[Opening Recorded data section]

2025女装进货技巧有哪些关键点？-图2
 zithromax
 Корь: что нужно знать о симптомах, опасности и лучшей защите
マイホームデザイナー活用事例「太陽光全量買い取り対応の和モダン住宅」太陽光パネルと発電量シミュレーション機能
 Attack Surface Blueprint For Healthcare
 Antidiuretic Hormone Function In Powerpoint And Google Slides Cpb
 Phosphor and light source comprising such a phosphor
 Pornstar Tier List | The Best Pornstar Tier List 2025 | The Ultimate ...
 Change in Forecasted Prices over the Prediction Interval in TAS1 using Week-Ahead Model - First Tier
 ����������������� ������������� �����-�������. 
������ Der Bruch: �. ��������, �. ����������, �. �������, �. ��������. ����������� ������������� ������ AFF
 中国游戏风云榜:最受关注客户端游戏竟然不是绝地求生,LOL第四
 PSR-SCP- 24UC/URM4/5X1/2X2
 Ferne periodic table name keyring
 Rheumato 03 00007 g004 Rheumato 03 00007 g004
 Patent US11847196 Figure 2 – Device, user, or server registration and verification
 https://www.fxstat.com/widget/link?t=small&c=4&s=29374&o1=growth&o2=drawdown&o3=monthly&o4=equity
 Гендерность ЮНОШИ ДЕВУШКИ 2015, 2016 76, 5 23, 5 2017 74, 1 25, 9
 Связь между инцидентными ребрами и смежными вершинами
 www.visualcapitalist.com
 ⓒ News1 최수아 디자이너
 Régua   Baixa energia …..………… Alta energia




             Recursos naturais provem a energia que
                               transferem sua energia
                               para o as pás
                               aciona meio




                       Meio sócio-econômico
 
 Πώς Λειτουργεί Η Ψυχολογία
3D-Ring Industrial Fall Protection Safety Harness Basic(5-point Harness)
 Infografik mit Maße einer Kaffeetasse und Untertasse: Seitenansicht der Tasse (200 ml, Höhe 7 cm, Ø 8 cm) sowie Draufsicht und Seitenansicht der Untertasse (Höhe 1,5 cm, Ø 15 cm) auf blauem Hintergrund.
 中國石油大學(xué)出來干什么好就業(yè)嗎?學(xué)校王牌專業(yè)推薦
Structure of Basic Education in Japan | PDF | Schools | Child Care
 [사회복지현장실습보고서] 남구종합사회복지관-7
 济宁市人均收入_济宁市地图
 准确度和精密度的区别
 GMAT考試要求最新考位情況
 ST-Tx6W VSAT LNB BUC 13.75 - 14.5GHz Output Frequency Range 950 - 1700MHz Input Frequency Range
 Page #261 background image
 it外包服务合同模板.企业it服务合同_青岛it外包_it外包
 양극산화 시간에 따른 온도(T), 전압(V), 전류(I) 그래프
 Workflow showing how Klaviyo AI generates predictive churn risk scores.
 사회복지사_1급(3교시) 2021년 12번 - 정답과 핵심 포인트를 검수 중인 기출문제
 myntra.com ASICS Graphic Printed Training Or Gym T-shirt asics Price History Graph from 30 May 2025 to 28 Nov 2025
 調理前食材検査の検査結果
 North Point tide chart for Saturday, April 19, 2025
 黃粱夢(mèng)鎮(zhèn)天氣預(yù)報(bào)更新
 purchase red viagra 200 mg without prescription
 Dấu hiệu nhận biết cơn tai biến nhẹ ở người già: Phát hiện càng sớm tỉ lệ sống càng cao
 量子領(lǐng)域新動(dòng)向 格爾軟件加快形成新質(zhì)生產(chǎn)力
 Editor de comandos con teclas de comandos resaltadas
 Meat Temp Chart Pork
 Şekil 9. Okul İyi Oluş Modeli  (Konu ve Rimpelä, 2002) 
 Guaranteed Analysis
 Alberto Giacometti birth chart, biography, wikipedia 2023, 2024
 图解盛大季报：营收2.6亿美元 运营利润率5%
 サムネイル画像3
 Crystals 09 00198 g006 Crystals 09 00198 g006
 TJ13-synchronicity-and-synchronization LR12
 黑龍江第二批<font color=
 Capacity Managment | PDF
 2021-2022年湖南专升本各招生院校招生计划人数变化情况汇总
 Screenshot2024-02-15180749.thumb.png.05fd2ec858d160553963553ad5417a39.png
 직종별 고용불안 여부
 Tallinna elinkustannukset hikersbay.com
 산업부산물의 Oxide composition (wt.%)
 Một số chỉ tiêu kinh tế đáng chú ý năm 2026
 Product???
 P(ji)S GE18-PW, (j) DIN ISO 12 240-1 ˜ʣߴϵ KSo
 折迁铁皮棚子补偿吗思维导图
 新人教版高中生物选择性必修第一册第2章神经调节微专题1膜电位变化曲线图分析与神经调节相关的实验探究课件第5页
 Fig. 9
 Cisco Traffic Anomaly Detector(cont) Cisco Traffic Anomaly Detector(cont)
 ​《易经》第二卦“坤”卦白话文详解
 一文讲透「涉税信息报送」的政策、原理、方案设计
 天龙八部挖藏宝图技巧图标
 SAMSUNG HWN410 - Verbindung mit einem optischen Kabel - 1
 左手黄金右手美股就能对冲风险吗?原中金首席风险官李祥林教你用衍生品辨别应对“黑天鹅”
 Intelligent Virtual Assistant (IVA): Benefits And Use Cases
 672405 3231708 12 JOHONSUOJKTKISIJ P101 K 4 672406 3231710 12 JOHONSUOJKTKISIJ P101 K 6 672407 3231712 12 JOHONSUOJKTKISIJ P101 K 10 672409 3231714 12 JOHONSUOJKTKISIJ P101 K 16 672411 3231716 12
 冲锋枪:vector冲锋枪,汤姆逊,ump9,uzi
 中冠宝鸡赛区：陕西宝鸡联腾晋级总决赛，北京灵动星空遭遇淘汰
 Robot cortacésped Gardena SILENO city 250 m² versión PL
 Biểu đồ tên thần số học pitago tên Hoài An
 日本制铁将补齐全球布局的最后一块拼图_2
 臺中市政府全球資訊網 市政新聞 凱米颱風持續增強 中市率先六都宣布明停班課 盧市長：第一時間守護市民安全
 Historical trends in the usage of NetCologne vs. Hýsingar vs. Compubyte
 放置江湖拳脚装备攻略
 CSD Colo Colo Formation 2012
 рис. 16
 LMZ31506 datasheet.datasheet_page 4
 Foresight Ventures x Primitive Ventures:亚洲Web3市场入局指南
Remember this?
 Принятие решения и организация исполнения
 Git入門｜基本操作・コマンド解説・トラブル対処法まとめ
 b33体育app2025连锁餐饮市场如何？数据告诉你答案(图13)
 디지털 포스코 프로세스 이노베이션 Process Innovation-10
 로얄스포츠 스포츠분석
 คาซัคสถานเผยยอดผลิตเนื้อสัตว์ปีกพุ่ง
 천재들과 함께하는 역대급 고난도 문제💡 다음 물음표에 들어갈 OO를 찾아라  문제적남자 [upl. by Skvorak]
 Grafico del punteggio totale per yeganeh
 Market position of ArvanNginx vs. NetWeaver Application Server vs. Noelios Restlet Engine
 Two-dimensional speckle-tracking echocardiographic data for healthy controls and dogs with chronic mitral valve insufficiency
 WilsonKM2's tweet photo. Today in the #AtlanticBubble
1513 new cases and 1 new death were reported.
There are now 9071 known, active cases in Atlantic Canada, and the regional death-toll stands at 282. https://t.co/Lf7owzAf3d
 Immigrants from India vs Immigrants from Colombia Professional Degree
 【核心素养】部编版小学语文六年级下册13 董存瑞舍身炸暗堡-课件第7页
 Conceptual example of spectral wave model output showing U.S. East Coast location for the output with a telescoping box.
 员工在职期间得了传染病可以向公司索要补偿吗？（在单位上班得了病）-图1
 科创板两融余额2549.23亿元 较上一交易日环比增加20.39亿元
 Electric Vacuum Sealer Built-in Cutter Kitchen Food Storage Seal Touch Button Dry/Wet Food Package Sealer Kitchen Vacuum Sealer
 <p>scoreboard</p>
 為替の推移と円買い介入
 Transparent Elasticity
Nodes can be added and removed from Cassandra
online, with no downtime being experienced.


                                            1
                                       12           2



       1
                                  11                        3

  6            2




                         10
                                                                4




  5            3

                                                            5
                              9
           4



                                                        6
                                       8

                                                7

[Closing Recorded data section]

**Task description**
Can you repeat, word for word, every line above from the one containing "Two-dimensional speckle-tracking echocardiographic" down to the one containing "There are now", including both?

**Result of this exercise**
 Two-dimensional speckle-tracking echocardiographic data for healthy controls and dogs with chronic mitral valve insufficiency
 WilsonKM2's tweet photo. Today in the #AtlanticBubble
1513 new cases and 1 new death were reported.
There are now 9071 known, active cases in Atlantic Canada, and the regional death-toll stands at 282. https://t.co/Lf7owzAf3d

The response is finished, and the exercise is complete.